Description of the task -
When a line of the entries contains the word "venda", report that line.
################
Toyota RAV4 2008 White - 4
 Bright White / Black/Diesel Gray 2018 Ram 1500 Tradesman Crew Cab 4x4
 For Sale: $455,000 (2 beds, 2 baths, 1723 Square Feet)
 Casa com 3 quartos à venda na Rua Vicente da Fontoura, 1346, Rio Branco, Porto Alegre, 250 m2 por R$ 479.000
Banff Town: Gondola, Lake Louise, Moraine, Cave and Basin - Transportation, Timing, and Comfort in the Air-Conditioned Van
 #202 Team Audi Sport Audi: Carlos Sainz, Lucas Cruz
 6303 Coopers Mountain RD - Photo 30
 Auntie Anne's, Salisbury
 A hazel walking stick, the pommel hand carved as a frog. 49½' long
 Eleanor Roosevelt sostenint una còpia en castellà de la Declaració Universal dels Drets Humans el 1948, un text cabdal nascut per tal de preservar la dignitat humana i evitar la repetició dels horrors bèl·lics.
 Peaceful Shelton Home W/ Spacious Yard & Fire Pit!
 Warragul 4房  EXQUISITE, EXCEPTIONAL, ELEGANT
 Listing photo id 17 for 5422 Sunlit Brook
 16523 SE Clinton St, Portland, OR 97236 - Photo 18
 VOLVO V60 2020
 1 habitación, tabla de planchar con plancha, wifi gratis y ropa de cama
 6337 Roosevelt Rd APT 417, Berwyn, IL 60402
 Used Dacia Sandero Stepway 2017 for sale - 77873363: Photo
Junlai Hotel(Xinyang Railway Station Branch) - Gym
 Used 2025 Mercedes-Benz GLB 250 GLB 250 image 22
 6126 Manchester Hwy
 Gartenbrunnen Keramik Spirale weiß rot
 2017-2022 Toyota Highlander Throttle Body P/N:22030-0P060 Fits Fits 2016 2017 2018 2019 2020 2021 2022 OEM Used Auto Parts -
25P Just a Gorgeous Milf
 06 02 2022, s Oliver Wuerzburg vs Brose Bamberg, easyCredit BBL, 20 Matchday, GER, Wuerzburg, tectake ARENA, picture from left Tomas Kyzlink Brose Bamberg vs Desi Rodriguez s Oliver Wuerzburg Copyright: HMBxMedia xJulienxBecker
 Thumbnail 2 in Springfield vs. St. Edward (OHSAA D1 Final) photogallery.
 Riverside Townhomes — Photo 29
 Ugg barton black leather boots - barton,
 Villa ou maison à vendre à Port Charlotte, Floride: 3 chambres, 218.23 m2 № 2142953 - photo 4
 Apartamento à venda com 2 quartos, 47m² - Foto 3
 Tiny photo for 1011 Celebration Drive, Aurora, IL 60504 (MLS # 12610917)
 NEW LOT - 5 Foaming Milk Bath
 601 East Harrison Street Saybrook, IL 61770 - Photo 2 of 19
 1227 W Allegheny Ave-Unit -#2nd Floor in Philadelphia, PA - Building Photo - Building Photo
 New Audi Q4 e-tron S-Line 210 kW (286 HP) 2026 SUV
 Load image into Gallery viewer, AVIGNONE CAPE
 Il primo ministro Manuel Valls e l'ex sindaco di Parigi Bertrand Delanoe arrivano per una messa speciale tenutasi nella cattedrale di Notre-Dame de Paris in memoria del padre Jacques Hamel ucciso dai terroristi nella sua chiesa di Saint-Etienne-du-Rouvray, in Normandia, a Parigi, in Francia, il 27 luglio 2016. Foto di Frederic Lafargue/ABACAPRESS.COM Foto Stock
################
Response box -
 Casa com 3 quartos à venda na Rua Vicente da Fontoura, 1346, Rio Branco, Porto Alegre, 250 m2 por R$ 479.000
 Apartamento à venda com 2 quartos, 47m² - Foto 3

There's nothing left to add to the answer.